No âmbito das penalidades administrativas, a questão se resolve nos termos do artigo 138 do Código Tributário Nacional. Se o pagamento é feito com denúncia espontânea a infração, nenhuma penalidade pode ser aplicada. Se, todavia, é feito em face de exigência formalizada em ação fiscal, o pagamento do crédito tributário feto no prazo estabelecido para impugnação do auto de infração, ou no prazo para o recurso administrativo, implica redução do valor da multa, que geralmente vem estabelecido na lei específica de cada tributo.

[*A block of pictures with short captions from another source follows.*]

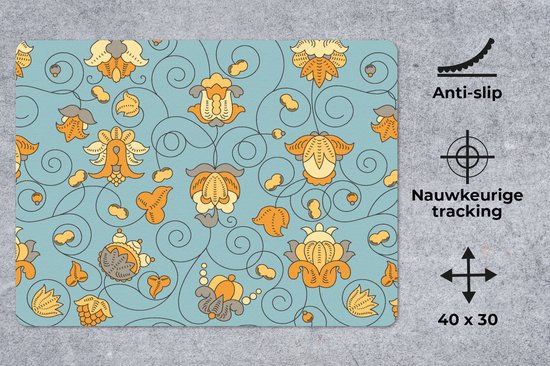 Bureau onderlegger 40x30 cm - Muismat Patronen - Vintage - Bloemen - Bureaulegger xl - Desk mat beschermer - Computer muismatten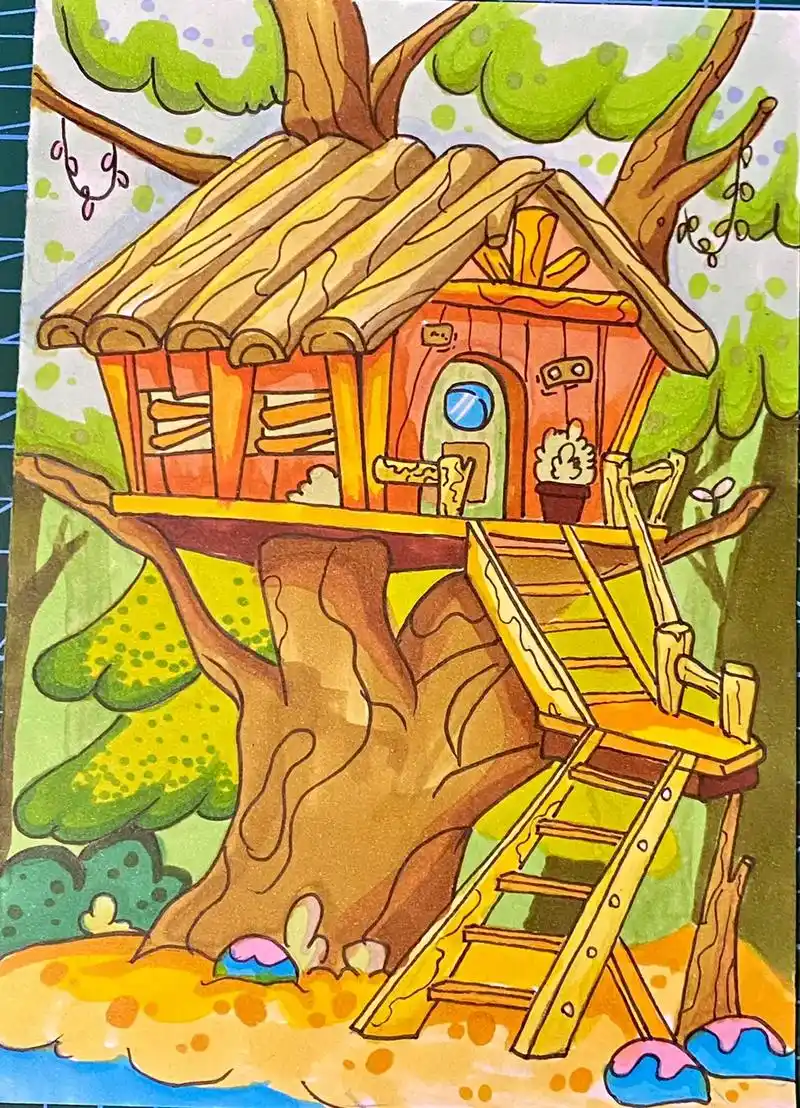 马克笔儿童童画 场景插画 房子在森林中的小房子马克笔绘画 - 抖音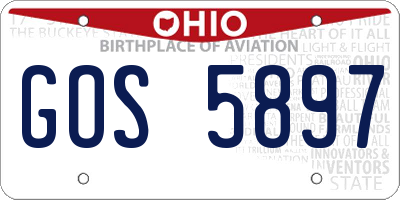 OH license plate GOS5897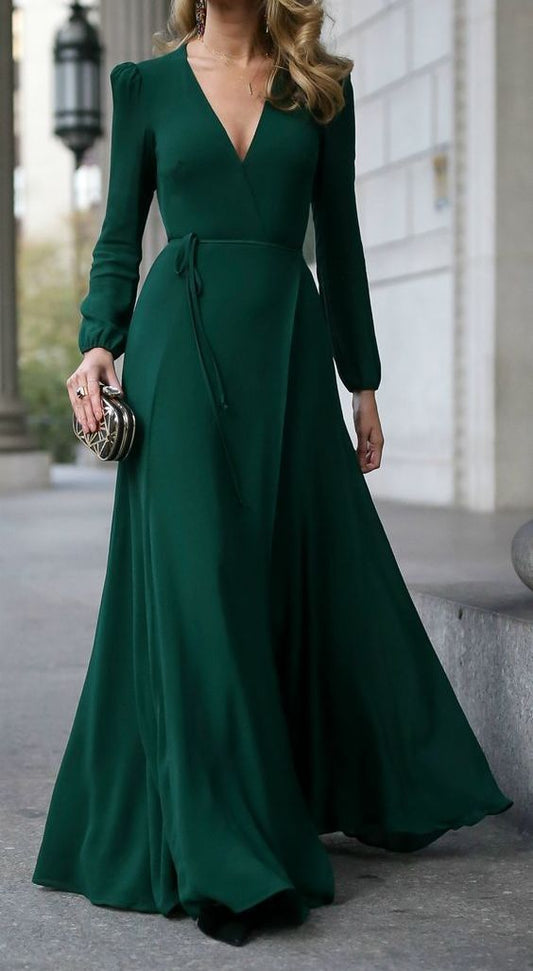 Green Flared V Neck Puffer Sleeves Dress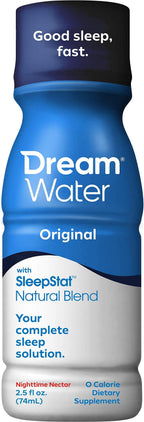 Dream Water Sleep Aid Supplement Drink; Melatonin 5mg, GABA, 5-HTP; Zero Sugar, Natural Flavors, No Added Colors, 2.5 oz Liquid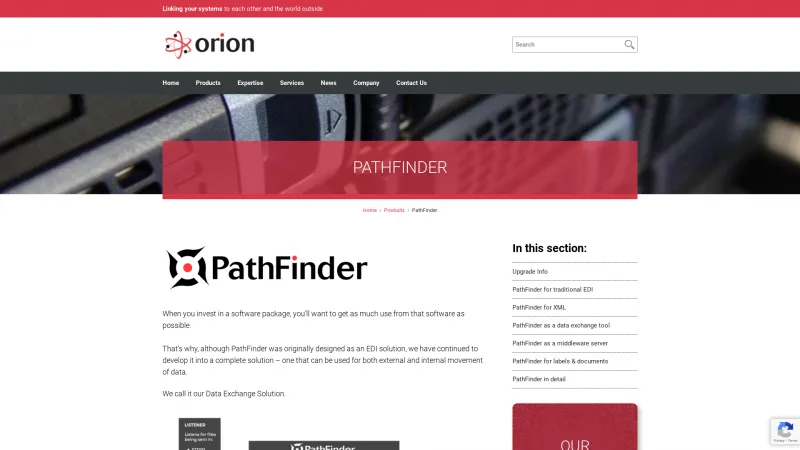 Homepage of PathFinder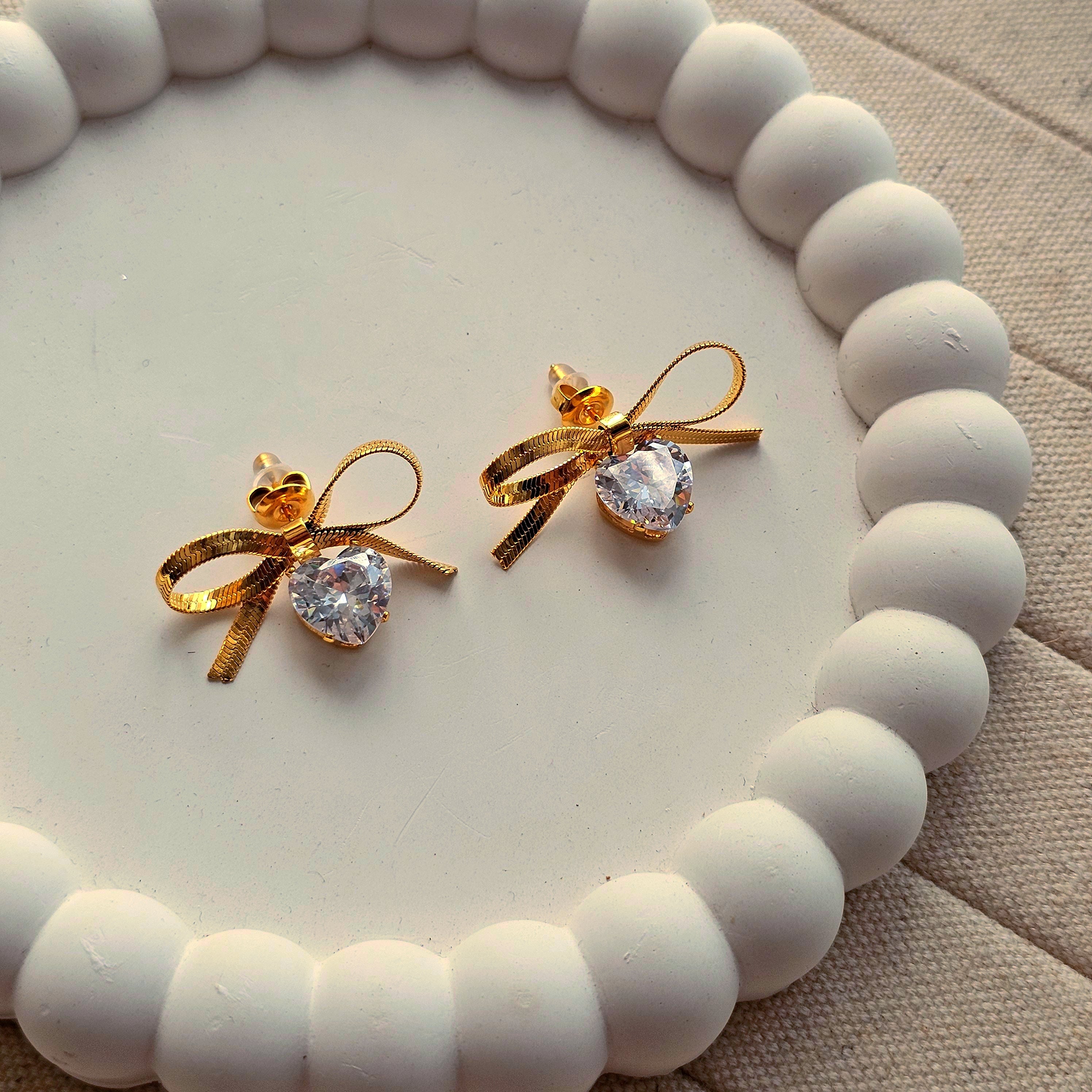 Bow Heart Statement Earrings-2  taahirajewellery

Essa redução do valor da multa, nas hipóteses em que o contribuinte renuncia ao direito de impugnar e recorrer, constitui uma forma obliqua de punir o sucumbente. Por isto a doutrina entende que a lei deveria estabelecer sucumbência também para a Fazenda Pública, dando, assim, um tratamento isonômico aos litigantes.
Segundo o artigo 212 do Código Tributário Nacional, o Poder Executivo de cada esfera de governo, tem o dever de expedir, anualmente, até o dia 31 de janeiro de cada ano, a consolidação, em texto único, da legislação tributária vigente, relativa a cada um dos seus tributos. A ausência deste ato não desobriga o contribuinte do pagamento.
Para que sejam preservados os direitos constitucionais do contribuintes, entre os quais o de pagar apenas os tributos devidos, e de utilizar-se desse fim, do direito ao contraditório e ampla defesa, inclusive no processo administrativo, não se pode admitir denúncia sem o prévio exaurimento da via administrativa.
Por isto mesmo a lei determinou que a representação fiscal, para fins penais, relativa aos crimes contra a ordem tributária será encaminhada ao Ministério Público após proferida decisão final, na esfera administrativa, sobre a existência fiscal do crédito tributário correspondente.
De acordo com o entendimento do Supremo Tribunal Federal, há falta de justa causa para ação penal antes do lançamento definitivo, por se tratar de crime de resultado. E, na verdade, a ação penal antes do lançamento definitivo pode conduzir a uma situação absurda, no qual o Estado-Juiz pune alguém por supressão ou redução de tributo, e o mesmo Estado, como Administração Tributária, diz que nenhum tributo lhe é devido.
A questão essencial consiste em saber se é juridicamente válido o uso da ação penal como instrumento de coação para obrigar o contribuinte a pagar tributos sem direito de questionar a legalidade destes.
Quando não tenha sido iniciada ação fiscal e o Ministério Público tenha, por outros meios, notícia do crime, deve este oficiar à autoridade administrativa para que instaure ação fiscal. Somente nas hipóteses em que disponha de suficientes indícios de corrupção passiva, prevaricação ou outro crime cometido pela autoridade administrativa, no âmbito dos fatos relacionados com o ilícito penal imputável ao contribuinte, poderá desde logo oferecer denúncia contra este, e, em tais hipóteses, há de denunciar também a autoridade administrativa.
O crime definido no artigo 1º da Lei n.º 8.137/90 é de resultado, vale dizer, só se consuma quando ocorre a supressão ou redução do tributo devido. Em outras palavras, a existência do tributo devido é elemento essencial do tipo. Assim, se não há tributo devido, não se consuma o crime. Já no caso do artigo 2º da mesma lei, o crime é de natureza formal, no entanto, também é essencial a existência de tributo devido.